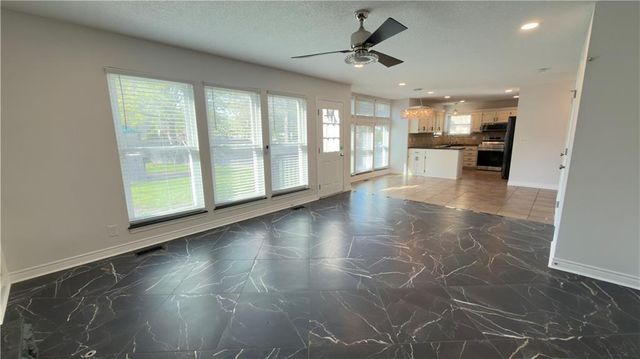 1397 S Brentwood Drive, Olathe, KS 66062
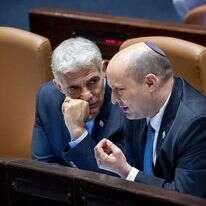 בנט ולפיד ליד שולחן הממשלה בכנסת, יוני 2022 | יונתן זינדל, פלאש 90 בנט ולפיד ליד שולחן הממשלה בכנסת, יוני 2022 | יונתן זינדל, פלאש 90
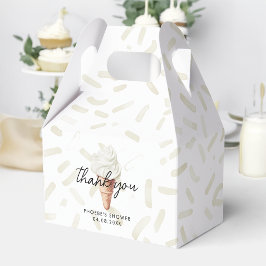 「彼女はもうすぐ結婚!」バニラ ブライダルシャワーの飾り ガブリエル フェイバーボックス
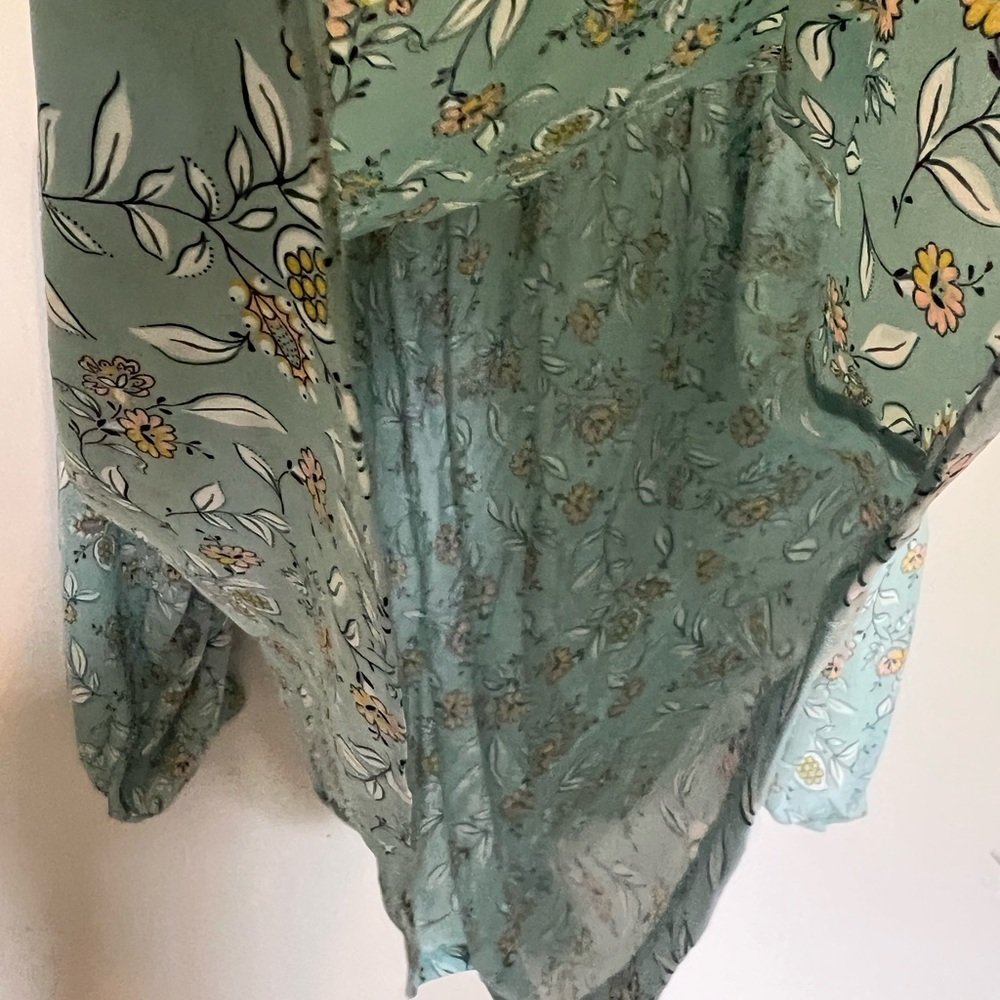 COPY - Loft aqua cloud floral balloon sleeves back key hole . Size Large - Picture 6 of 15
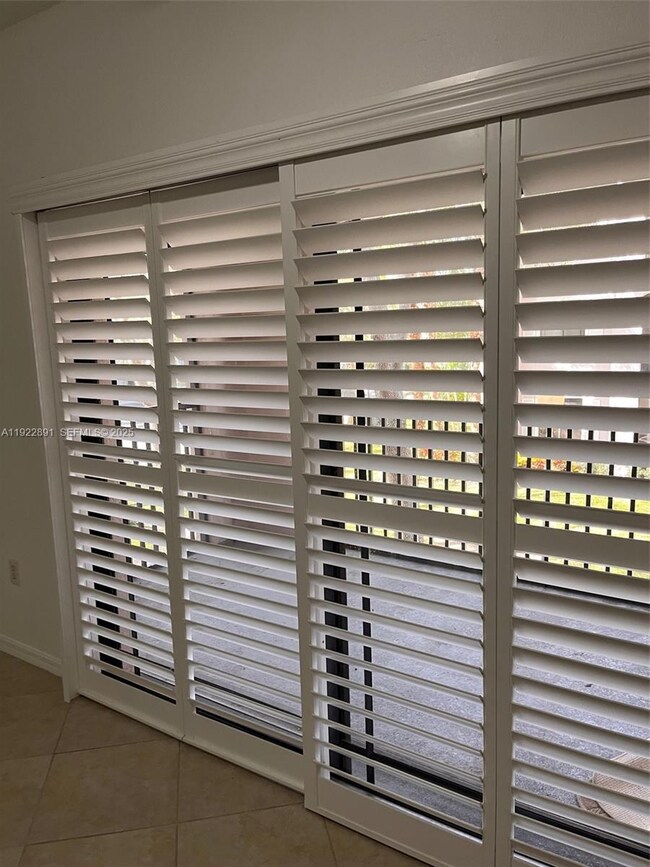 3021 Alcazar Place unit 203, Palm Beach Gardens, FL 33410 - photo 6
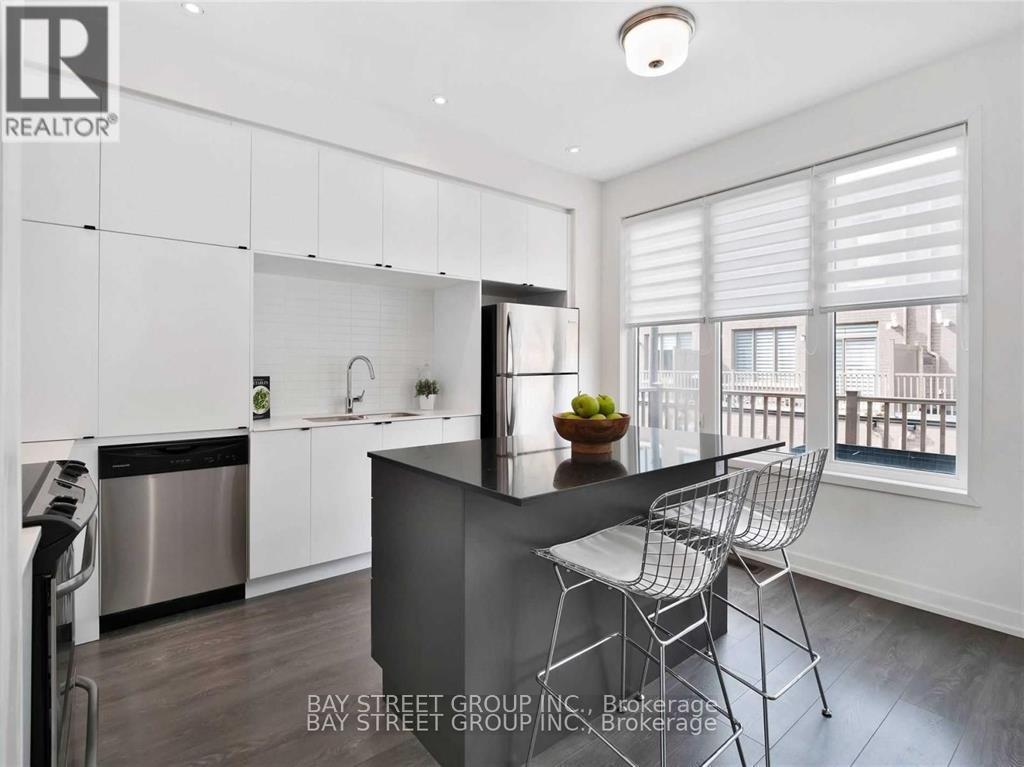 3186 Mintwood Circle, Oakville, Ontario  L6H 0P1 - Photo 13 - W12836978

= = =

**YOUR TASK**
Leaving the pictures out, write out every entry exactly.

**YOUR SOLUTION**
 1397 S Brentwood Drive, Olathe, KS 66062
 בנט ולפיד ליד שולחן הממשלה בכנסת, יוני 2022 | יונתן זינדל, פלאש 90 בנט ולפיד ליד שולחן הממשלה בכנסת, יוני 2022 | יונתן זינדל, פלאש 90
 「彼女はもうすぐ結婚!」バニラ ブライダルシャワーの飾り ガブリエル フェイバーボックス
 COPY - Loft aqua cloud floral balloon sleeves back key hole . Size Large - Picture 6 of 15
 3021 Alcazar Place unit 203, Palm Beach Gardens, FL 33410 - photo 6
 3186 Mintwood Circle, Oakville, Ontario  L6H 0P1 - Photo 13 - W12836978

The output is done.